(Data excerpts begins)

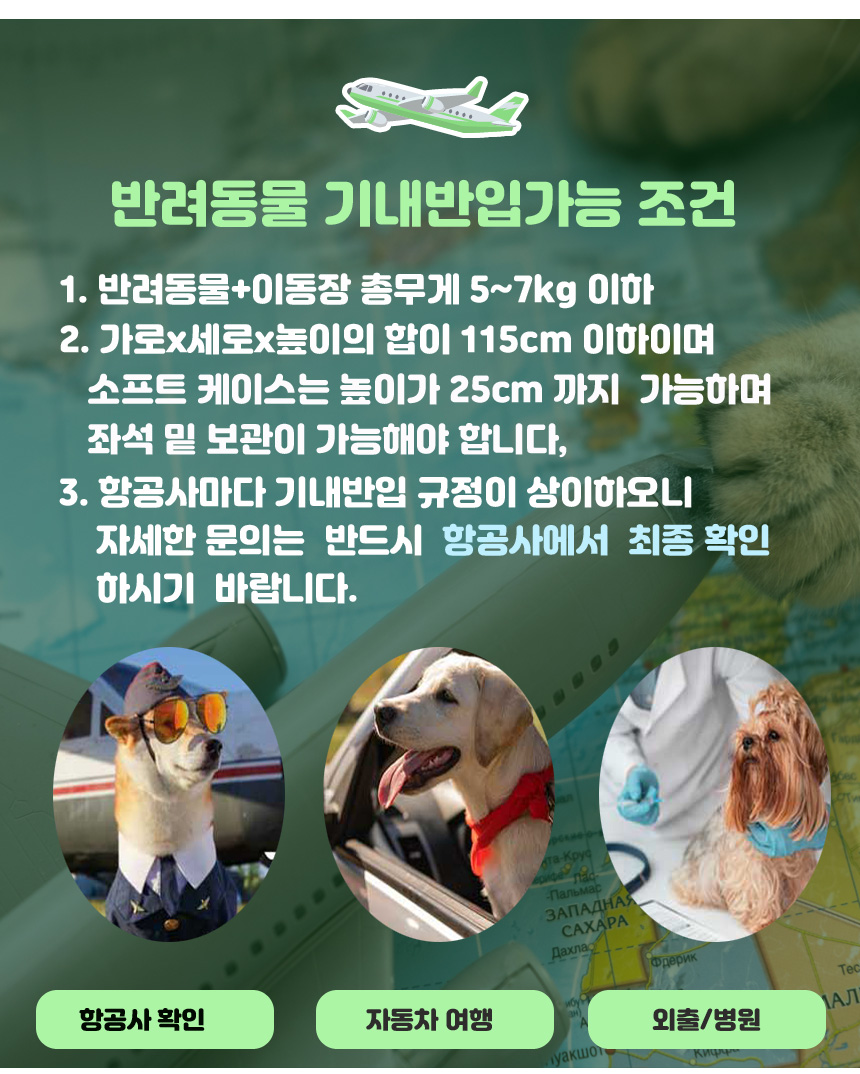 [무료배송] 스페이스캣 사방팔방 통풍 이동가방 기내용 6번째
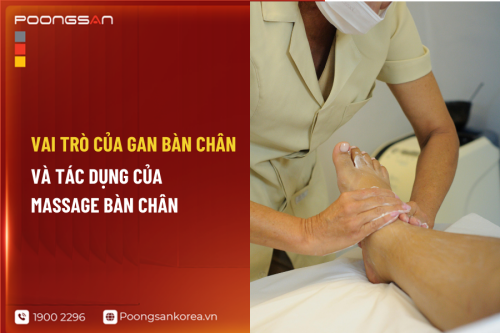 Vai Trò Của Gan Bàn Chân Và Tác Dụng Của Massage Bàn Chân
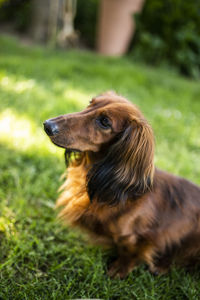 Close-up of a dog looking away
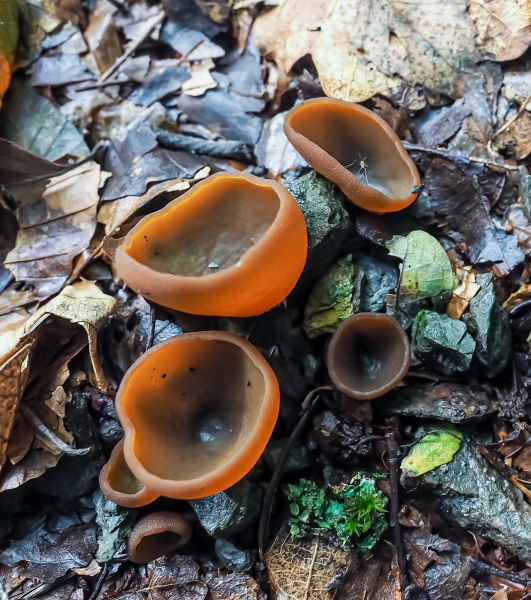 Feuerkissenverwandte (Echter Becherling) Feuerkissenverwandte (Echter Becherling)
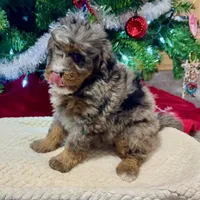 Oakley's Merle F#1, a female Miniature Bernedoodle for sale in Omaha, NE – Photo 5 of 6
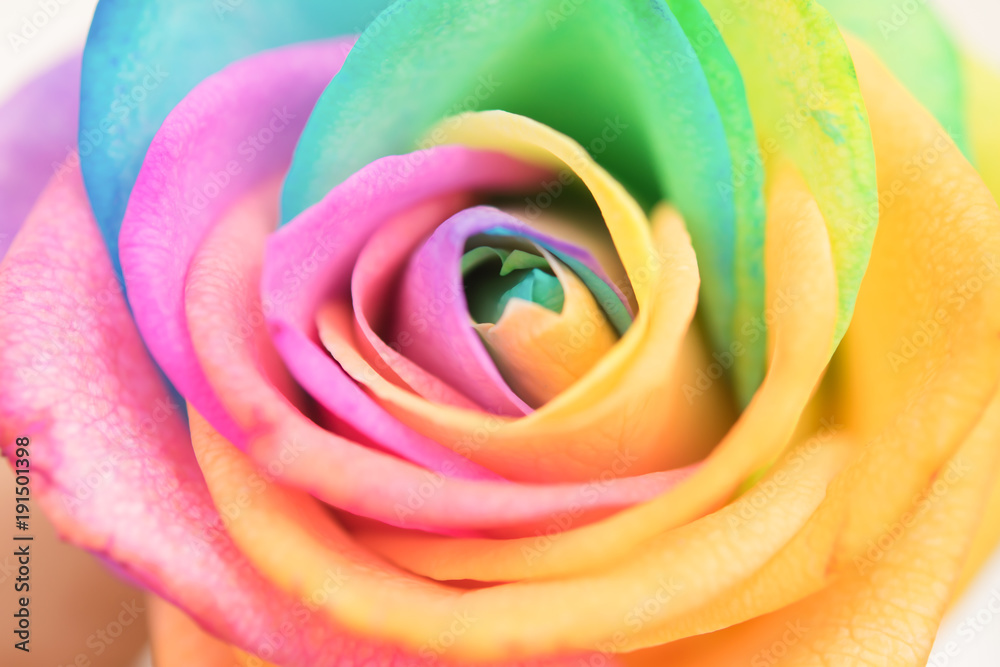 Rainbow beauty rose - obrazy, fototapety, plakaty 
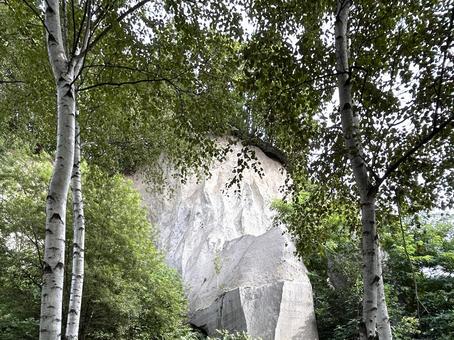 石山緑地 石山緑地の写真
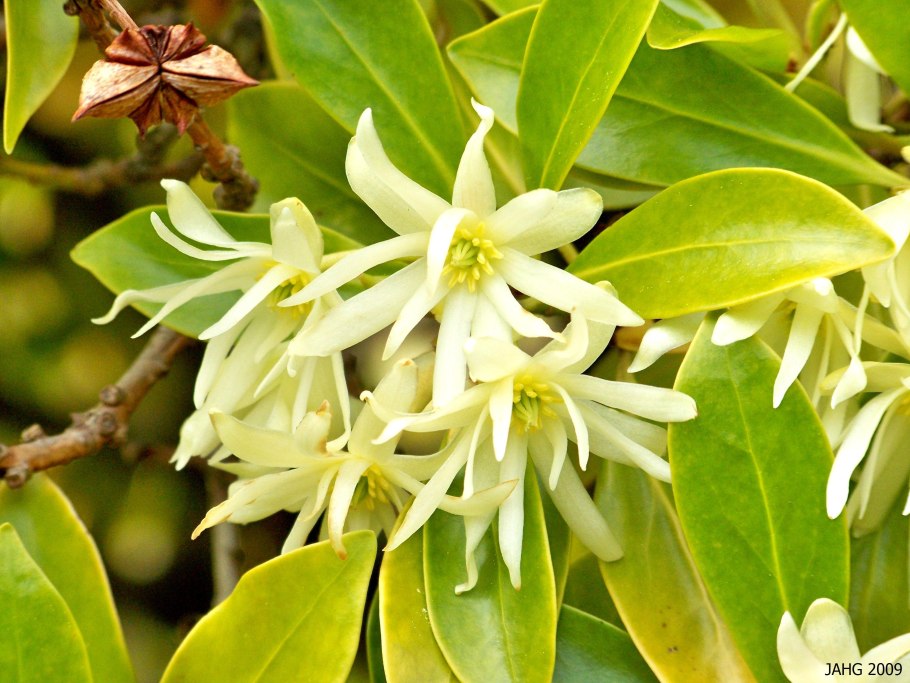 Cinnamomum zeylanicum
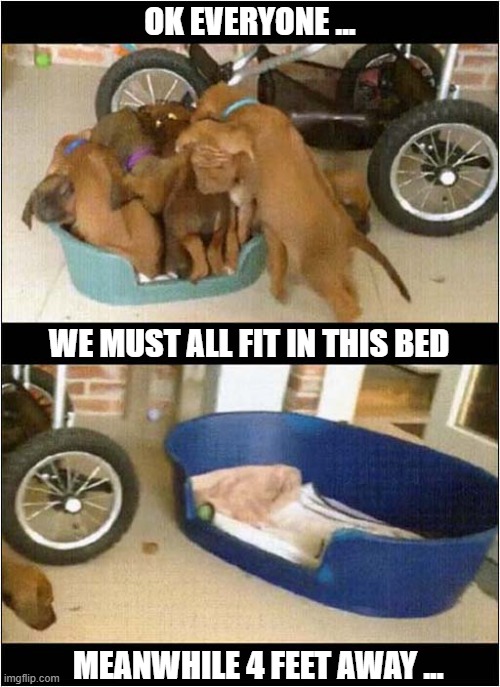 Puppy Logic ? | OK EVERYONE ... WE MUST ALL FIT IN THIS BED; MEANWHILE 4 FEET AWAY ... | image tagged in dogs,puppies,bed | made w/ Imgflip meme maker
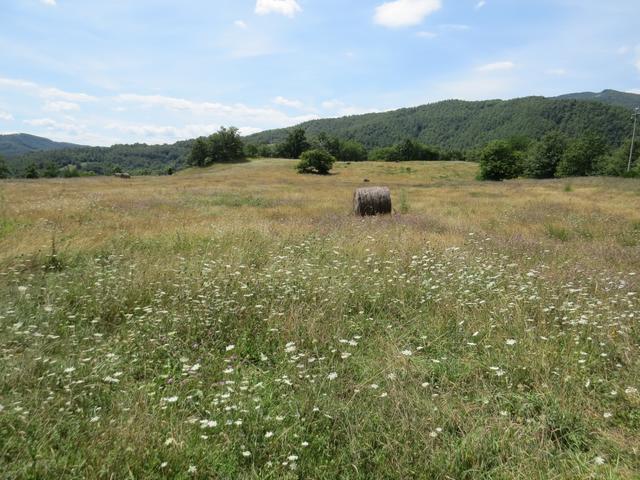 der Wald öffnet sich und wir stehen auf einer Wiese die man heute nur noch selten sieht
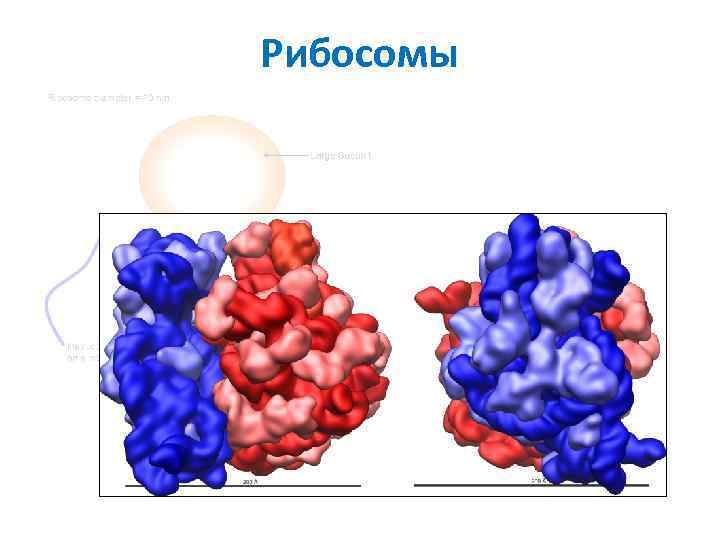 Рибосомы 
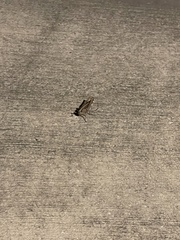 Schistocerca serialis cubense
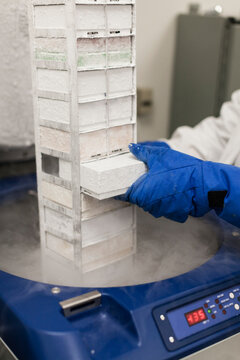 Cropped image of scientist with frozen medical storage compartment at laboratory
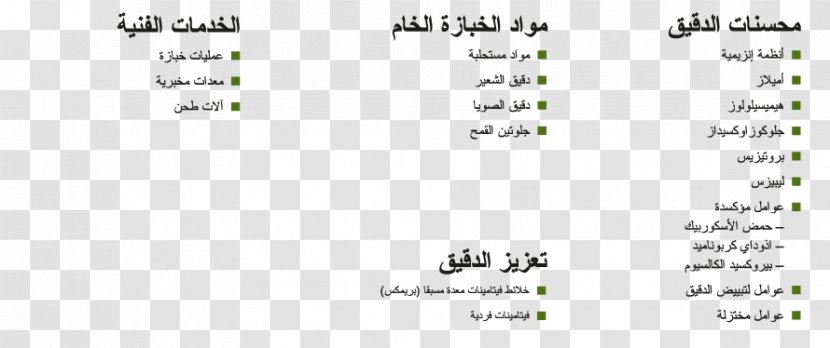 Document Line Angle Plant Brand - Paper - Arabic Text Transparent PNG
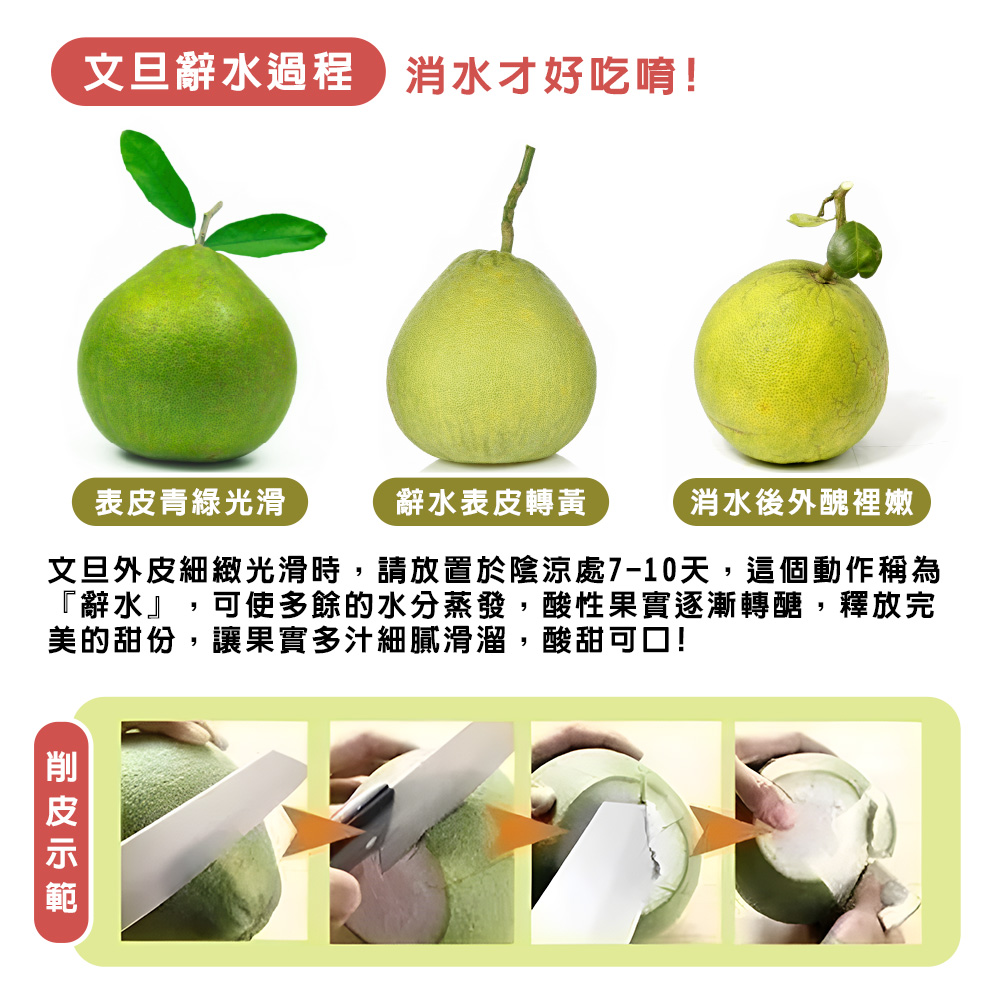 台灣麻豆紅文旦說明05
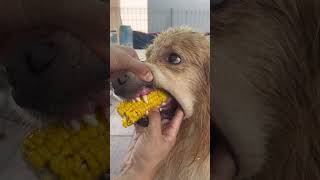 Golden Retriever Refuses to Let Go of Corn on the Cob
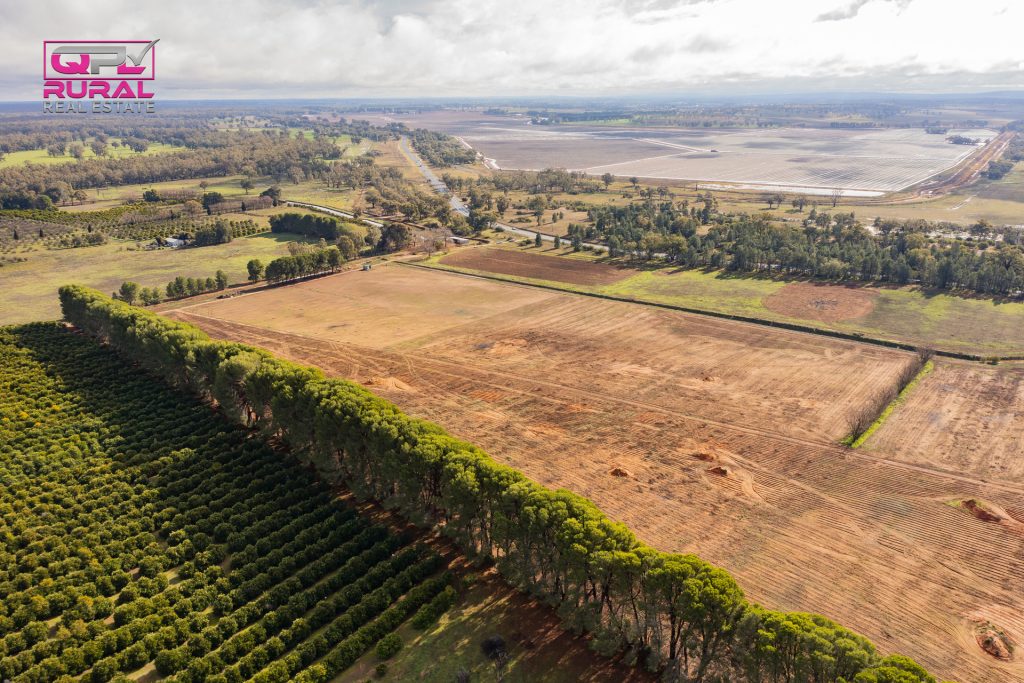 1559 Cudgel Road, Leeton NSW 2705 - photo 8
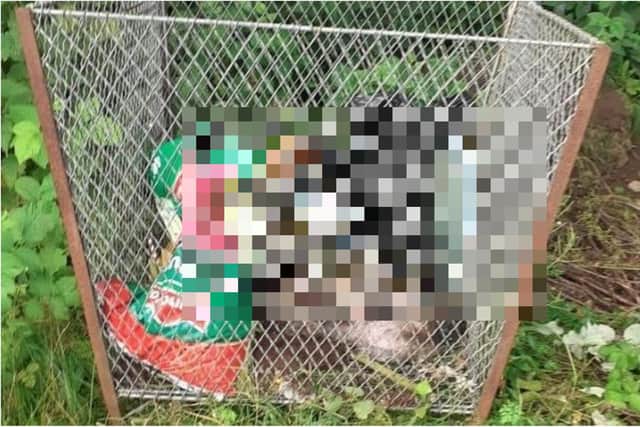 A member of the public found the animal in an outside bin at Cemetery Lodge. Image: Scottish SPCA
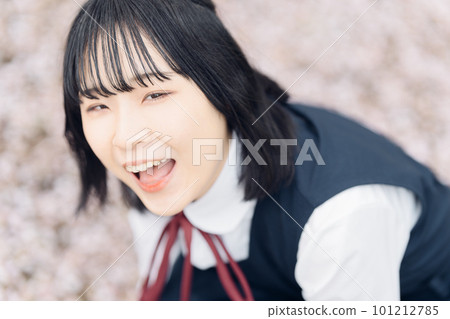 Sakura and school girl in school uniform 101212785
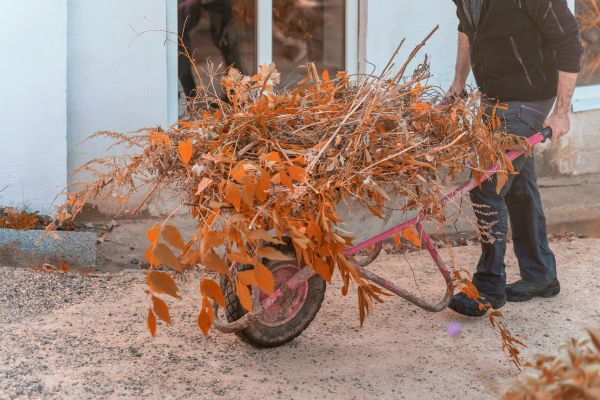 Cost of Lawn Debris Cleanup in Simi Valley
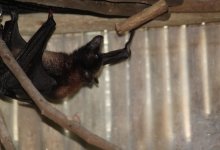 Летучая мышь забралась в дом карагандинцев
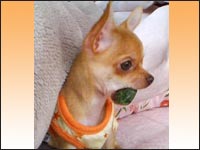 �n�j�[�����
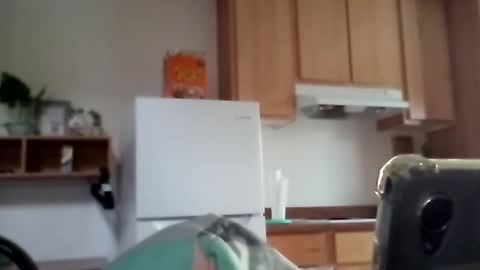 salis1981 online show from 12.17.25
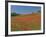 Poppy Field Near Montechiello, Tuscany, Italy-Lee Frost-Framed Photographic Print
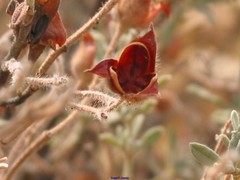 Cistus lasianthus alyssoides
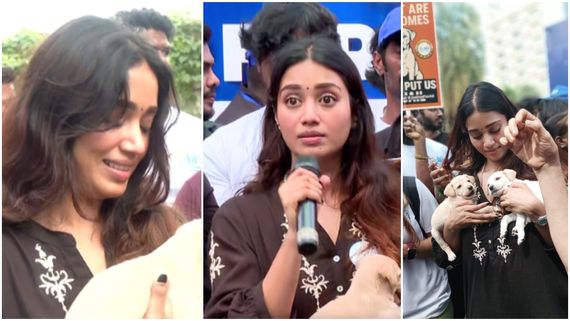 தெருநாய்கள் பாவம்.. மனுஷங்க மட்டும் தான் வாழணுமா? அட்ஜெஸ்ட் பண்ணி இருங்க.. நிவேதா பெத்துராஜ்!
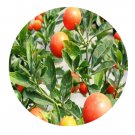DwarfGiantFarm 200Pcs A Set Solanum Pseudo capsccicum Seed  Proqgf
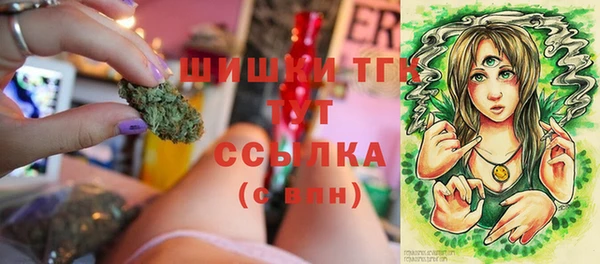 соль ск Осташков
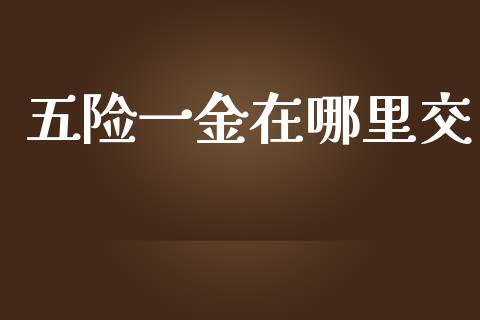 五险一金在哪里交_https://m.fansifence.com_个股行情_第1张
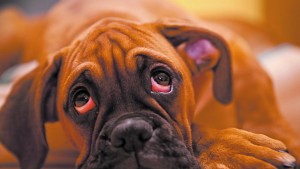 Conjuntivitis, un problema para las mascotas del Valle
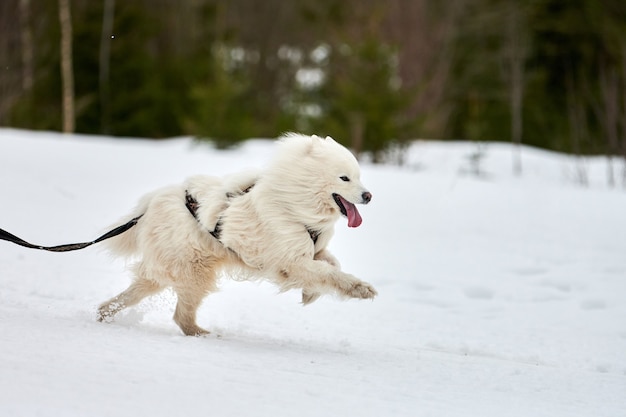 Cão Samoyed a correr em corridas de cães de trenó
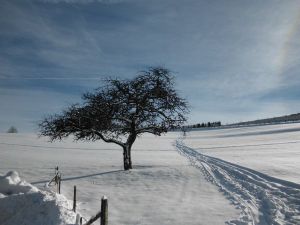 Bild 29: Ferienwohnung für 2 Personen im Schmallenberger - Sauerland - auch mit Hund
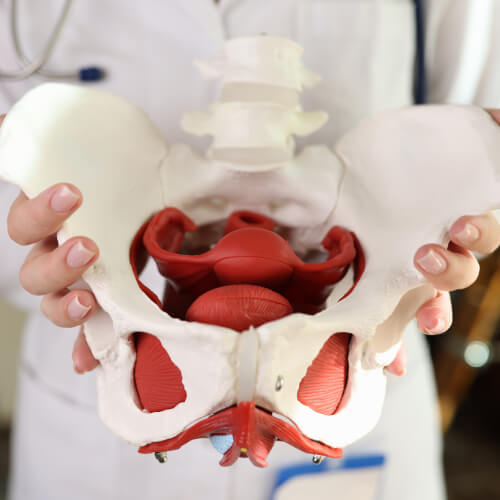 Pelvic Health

(Data excerpts ends)

Give back, word for word, the lines from the one with "Conjuntivitis, un problema" to the end of the records above, and no pictures.

 Conjuntivitis, un problema para las mascotas del Valle
 Cão Samoyed a correr em corridas de cães de trenó
 Bild 29: Ferienwohnung für 2 Personen im Schmallenberger - Sauerland - auch mit Hund
 Pelvic Health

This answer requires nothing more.